The effect of chebulagic acid on glucose uptake was tested with Caco-2 cells lines in a 6 well plate. After 16 days, the cell culture medium was removed and both the apical and basal chambers were washed 3 times with 2 mL of phosphate-buffered saline (PBS). The culture medium in the apical chamber was replaced with a reaction mixture containing chebulagic acid (0.05 mL) and 28 mM glucose in PBS (0.95 mL). In the basal chamber 1 mL of PBS was added instead of the culture medium. After incubation at 37 °C in 5% CO₂ atmosphere for 2 h, the glucose levels on the basal side were determined as described.

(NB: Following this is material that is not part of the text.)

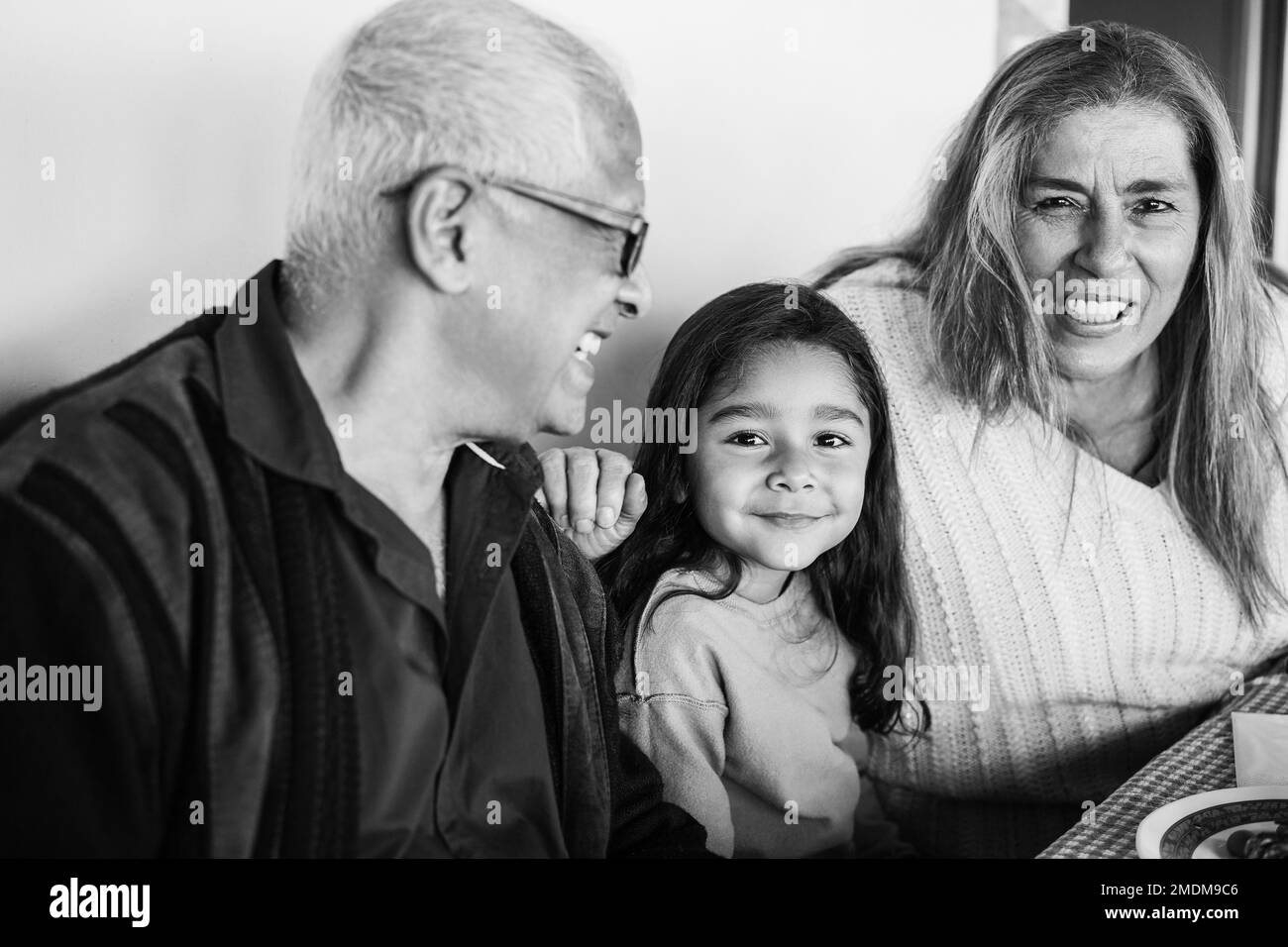 Glückliche lateinische Großeltern, die Spaß beim Essen mit ihrer Enkelin auf der Terrasse haben - Fokus auf Mädchengesicht - Schwarz-Weiß-Bearbeitung Stockfoto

Six-week-old male Sprague-Dawley (SD) rats were purchased from the Laboratory Animal Center, Sichuan Academy of Medical Sciences. SD-rats were housed in an air-conditioned environment and with a 12 h light/dark cycle. The temperature was maintained at 22 ± 1 °C and the relative humidity was 55 ± 10%. The animals were provided with standard laboratory animal feed and water ad libitum. The SD-rats were fasted for 12 h and divided into groups according to body weight (200–250 g, n = 5). Each sample was dissolved in water and administrated by gavage. In the control group, 1 mL of 2 g/kg of a sugar (maltose, sucrose or glucose) solution was administrated to each rat. In the sample-treated group, SD-rats were given chebulagic acid (100 mg/kg body weight) or a positive control, acarbose (3 mg/kg body weight). Ten minutes after oral administration, the sugar-loading test was done. Blood samples were collected from the tips of the rats’ tails at 30, 60, 90 and 120 min after each sugar loading. The blood glucose levels were measured immediately with a commercial glucometer and test-strips (GT-1640, Kyoto, Japan).

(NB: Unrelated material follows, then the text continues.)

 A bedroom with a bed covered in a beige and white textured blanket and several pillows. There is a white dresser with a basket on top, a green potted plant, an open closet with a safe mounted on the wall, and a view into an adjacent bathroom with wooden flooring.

All experiments were carried out in accordance with the ethical guidelines of the Sichuan Province Experimental Animal Management Committee and were in complete compliance with the National Institutes of Health Guide for the Care and Use of Laboratory Animals.

Data were reported as mean ± standard deviation of mean. Statistical analyses were performed with Student’s t-test using the SPSS program (version 12.0 for Windows, SPSS Inc., Chicago, IL, USA). Values were considered to differ significantly if the p value was less than 0.05.